■ **Exercise directions**:
Leave out the pictures and repeat exactly the lines from the one containing "Microondas de encastrar Eletrolux" through the final line of the listing below.

■ **The input**:
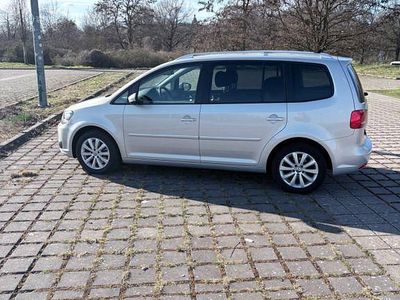 Gebraucht VW Touran Highline 140 PS (102 kW) 2013 Beige Van / Kleinbus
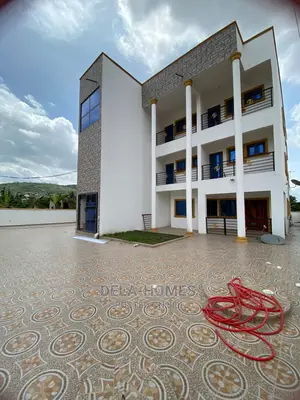 Newly Built Chamber N Hall Sc for Rent at Oyarifa.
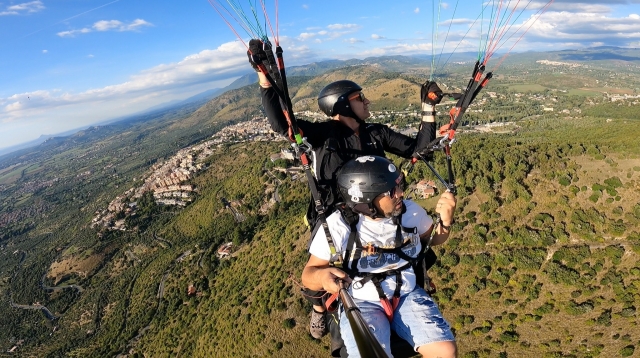  Libertad en parapente 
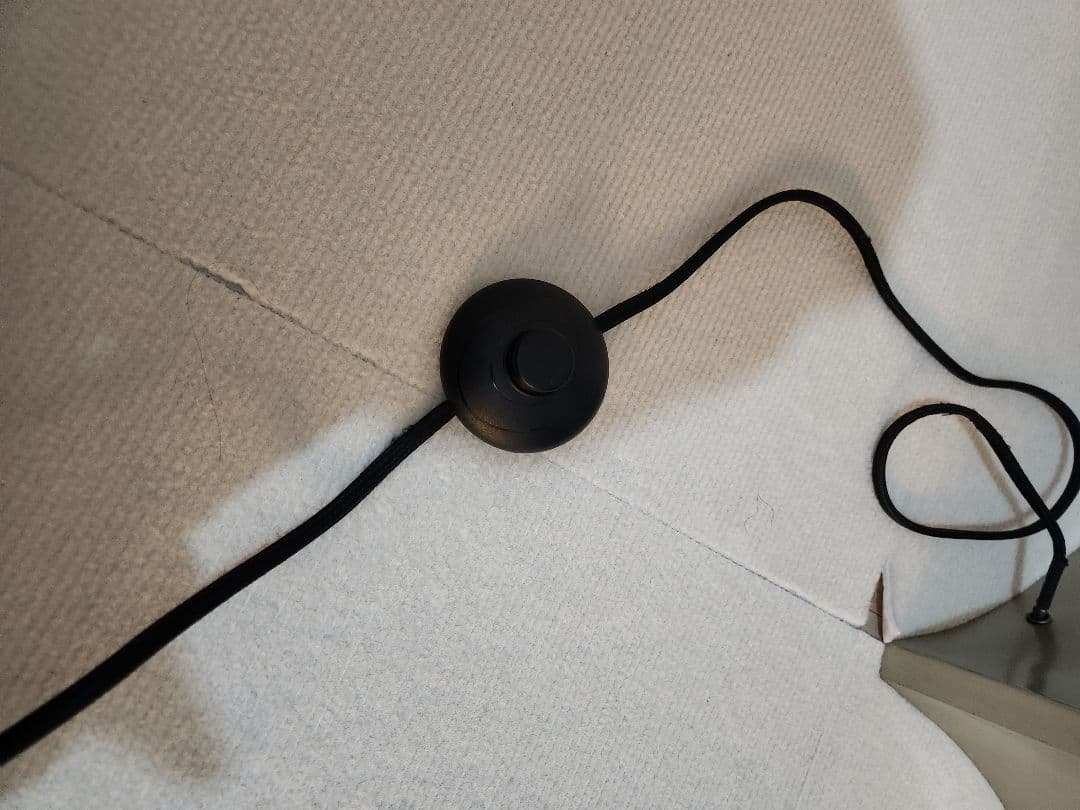 Crate & Barrel フロアスタンドライト 【米国現地購入品】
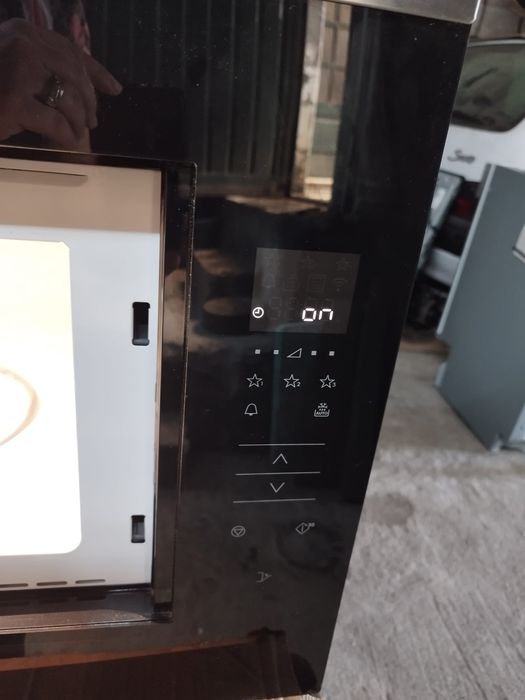 Microondas de encastrar Eletrolux
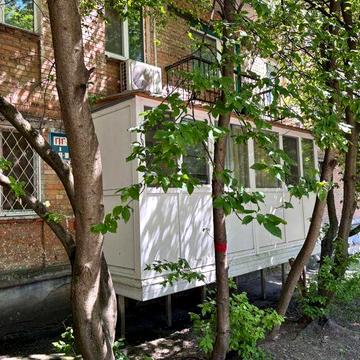 Голосіівський парк 8 хвилин пішки .Продаж квартири - студіі біля метро Голосіівська по Віктора Забіли 7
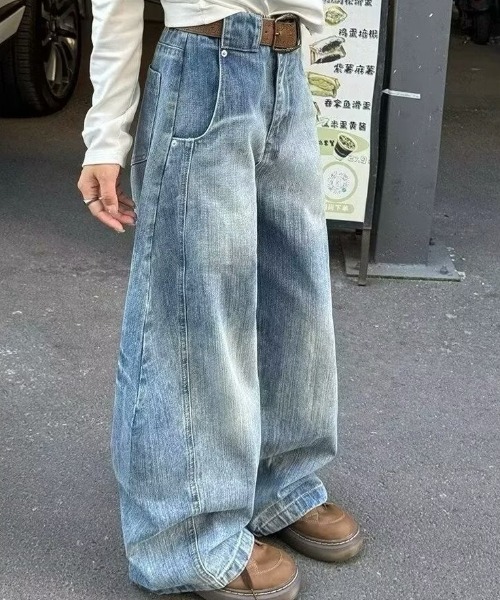Vipoa(ヴィポア)の「アメリカンレトロワイドデニムパンツ(デニムパンツ・レディース・ブルー・LARGE/MEDIUM)」の21枚目の写真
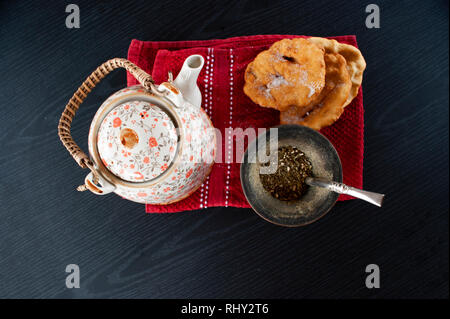 Mate infusione e torta fritas Foto Stock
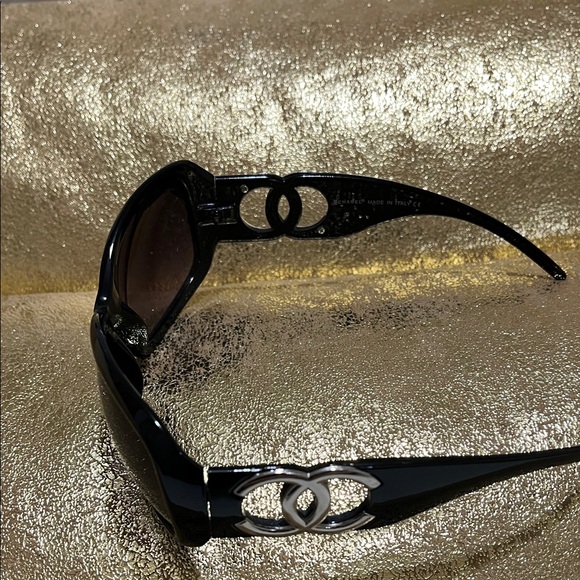 Chic Black Sunglasses - Picture 3 of 4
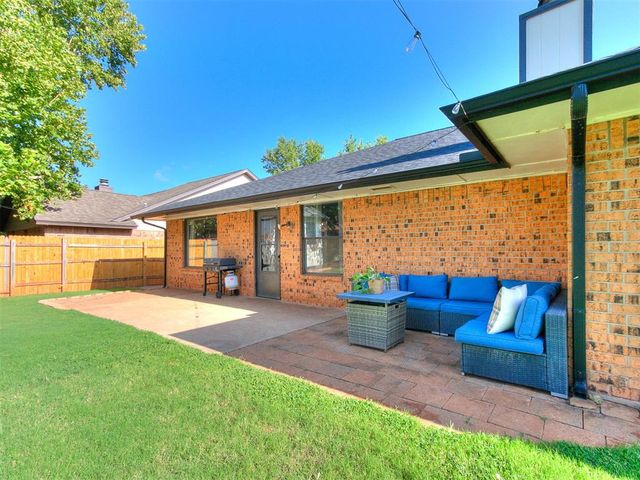 2616 Fairfield Drive, Edmond, OK 73012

■ **Task answer**:
 Microondas de encastrar Eletrolux
 Голосіівський парк 8 хвилин пішки .Продаж квартири - студіі біля метро Голосіівська по Віктора Забіли 7
Vipoa(ヴィポア)の「アメリカンレトロワイドデニムパンツ(デニムパンツ・レディース・ブルー・LARGE/MEDIUM)」の21枚目の写真
 Mate infusione e torta fritas Foto Stock
 Chic Black Sunglasses - Picture 3 of 4
 2616 Fairfield Drive, Edmond, OK 73012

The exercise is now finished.